Early Access, and the “Advanced Access” provided for complete games by major publishers for “Deluxe Editions” and the like, has also been a boon to freeloaders. Craven types could play a game for hours and hours, then demand a refund within the standard two hours of play, 14 days after the purchase window of the game’s “official” release. Steam-maker Valve has noticed and, as of Tuesday night, updated its refund policy.

“Playtime acquired during the Advanced Access period will now count towards the Steam refund period,” reads the update. In other words: Playtime is playtime now, so if you’ve played more than two hours of a game in any state, you don’t get a refund. That closes at least one way that people could, with time-crunched effort, play and enjoy games for free in either Early or Advanced access.
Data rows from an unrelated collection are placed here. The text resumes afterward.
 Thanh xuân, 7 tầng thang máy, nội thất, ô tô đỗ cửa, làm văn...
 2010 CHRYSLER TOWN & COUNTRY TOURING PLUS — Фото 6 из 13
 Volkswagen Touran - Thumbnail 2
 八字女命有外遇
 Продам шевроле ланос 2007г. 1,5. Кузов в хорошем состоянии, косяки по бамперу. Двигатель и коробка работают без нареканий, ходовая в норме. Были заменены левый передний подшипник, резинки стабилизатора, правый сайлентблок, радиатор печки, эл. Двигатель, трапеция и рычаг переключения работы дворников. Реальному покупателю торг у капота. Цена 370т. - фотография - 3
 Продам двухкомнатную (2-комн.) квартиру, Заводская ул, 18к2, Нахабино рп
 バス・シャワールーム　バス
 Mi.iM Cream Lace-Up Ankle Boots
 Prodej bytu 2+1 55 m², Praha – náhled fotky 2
Not that it’s a complete win for either developers or cautious buyers. Steam refunds are a tricky matter for developers, especially those smaller in size. The two-hour playtime window can give people a decent idea of how a game runs, what it’s like, and whether it’s clicking with a certain player. But some games enter Early Access in very rough shape or have features that later get dropped. Some games pack their most appealing elements into the early game. And some indie games are intended to provide an experience that’s much closer to two hours than 40 or 80, still giving players a faceless way to grab back some cash.

Steam’s approach to refunds remains an imperfect science, full of quirky stories and examples of why it exists. But it has moved toward a more unified and at least understandable policy now.